Gedanken zum Feiertag, 5./8.Mai 2016 – Christi Himmelfahrt

So steht’s geschrieben

Ingrid Grave*

Gut, wenn etwas geschrieben steht! Das ist eine Absicherung: Schwarz auf weiss!
Dagegen aber steht die Redewendung, dass einer lügt wie gedruckt.

Die Bibel und alle heiligen Bücher sind etwas Geschriebenes und Gedrucktes. Und gerade in den biblischen Texten des Neuen Testamentes lesen wir auffallend oft, dass dieses oder jenes geschehen musste, damit die Schrift erfüllt wird; oder es heisst: Wie geschrieben steht in den heiligen Schriften. – Ist das die Garantie dafür, dass das Geschilderte wirklich wahr ist?
Der Evangelist Lukas legt Jesus das Wort in den Mund: So steht es in der Schrift: Der Messias wird leiden und am dritten Tag von den Toten auferstehen. Jesus äussert sich in dieser Weise kurz vor dem Ereignis, das wir in diesen Tagen als Fest begehen: Auffahrt Jesu (Lk 24, 46 – 53). Ist dieser Rückverweis auf das Geschriebene in der Tradition des Judentums der Beweis dafür, dass seine Auferstehung eine Tatsache ist?
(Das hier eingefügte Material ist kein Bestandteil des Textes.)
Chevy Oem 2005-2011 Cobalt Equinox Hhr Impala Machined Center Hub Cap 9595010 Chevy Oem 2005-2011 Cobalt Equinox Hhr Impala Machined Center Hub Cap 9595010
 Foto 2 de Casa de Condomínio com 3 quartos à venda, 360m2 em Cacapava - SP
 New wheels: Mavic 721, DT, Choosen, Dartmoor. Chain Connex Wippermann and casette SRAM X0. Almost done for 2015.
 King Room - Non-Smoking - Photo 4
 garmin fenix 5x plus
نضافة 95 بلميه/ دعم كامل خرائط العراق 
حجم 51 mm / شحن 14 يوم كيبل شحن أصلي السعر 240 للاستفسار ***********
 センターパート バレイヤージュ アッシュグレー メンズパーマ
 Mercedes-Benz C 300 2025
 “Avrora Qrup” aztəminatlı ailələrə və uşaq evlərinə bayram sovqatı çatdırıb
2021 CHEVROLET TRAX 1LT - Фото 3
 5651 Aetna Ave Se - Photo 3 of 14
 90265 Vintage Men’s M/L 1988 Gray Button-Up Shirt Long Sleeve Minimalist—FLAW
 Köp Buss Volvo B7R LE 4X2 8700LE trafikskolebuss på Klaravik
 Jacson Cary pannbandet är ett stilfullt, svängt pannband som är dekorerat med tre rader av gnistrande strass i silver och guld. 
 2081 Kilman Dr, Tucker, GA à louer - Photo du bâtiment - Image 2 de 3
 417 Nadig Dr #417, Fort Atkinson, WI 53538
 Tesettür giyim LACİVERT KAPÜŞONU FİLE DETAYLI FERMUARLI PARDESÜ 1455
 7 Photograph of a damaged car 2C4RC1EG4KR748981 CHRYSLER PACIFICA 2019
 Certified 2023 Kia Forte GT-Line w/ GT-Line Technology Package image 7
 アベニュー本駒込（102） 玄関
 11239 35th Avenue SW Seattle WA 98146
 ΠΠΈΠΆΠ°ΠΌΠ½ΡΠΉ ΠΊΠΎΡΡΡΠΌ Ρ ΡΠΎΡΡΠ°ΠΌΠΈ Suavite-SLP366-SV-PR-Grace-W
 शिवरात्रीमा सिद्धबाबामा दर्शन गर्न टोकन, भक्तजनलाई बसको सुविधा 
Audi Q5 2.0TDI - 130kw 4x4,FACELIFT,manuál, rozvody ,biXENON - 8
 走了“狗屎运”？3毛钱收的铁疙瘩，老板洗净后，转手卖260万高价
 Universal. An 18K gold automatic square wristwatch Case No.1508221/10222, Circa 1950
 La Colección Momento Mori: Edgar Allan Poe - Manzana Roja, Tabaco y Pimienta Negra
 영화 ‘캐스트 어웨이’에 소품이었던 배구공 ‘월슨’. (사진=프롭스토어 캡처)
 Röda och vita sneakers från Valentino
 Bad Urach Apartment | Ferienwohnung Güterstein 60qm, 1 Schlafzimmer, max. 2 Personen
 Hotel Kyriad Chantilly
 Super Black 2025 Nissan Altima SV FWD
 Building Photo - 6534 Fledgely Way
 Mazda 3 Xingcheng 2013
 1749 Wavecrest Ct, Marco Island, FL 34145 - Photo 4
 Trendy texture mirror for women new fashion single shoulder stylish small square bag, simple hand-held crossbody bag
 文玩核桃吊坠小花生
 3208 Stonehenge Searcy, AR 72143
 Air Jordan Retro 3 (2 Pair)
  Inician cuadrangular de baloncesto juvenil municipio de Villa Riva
In den Tagen nach dem schrecklichen Tod Jesu am Kreuz haben seine Jünger und Jüngerinnen sich in ihrer Verschrecktheit wiederholt getroffen, und Jesus hat sich ihnen – so wird berichtet – als der Lebendige, als der Auferstandene gezeigt. Um einen solchen Moment der Begegnung handelt es sich bei Lukas. Glauben ihm jene, die ihn «sehen»? Glauben sie, dass der Tote unerwartet als Lebender vor ihnen steht? Der Text lässt es offen. Sie schweigen, zeigen keinerlei Regung auf das hin, was er spricht. Dann ergreift Jesus die Initiative und führt sie hinaus in die Nähe von Bethanien. Keine Worte mehr seinerseits, nur die Geste der erhobenen Hände, um jene zu segnen, die immer noch schweigen. Dann wird er selbst emporgehoben. Es ist ein Moment tiefster Bewegung. Sie scheinen erschüttert. Sie fallen nieder vor dem, der ihnen entschwindet.

Was ist geschehen? Wem glauben die Zurückbleibenden? Dem, was geschrieben steht? Dem, was sie innerlich erleben, wofür sie Bilder suchen, weil es in Worten nicht sagbar ist? Vor ihrem inneren Auge Worte der Weisheit und des Trostes aus ihren alten heiligen Schriften, die auf den zutreffen, der für sie nicht mehr fassbar ist. Die innere Gewissheit, dass er ihnen über Kreuz und Tod hinaus erhalten bleibt, lässt sie auf die Knie sinken und – unglaublich – sie sind voll Freude.

So steht es geschrieben. Für uns. Für unser inneres Auge.

*Ingrid Grave ist Dominikanerin in Zürich, wo sie in der Ökumene und in der Seelsorge engagiert ist.

8. April 2016 | 10:00
Lesezeit: ca. 2 Min.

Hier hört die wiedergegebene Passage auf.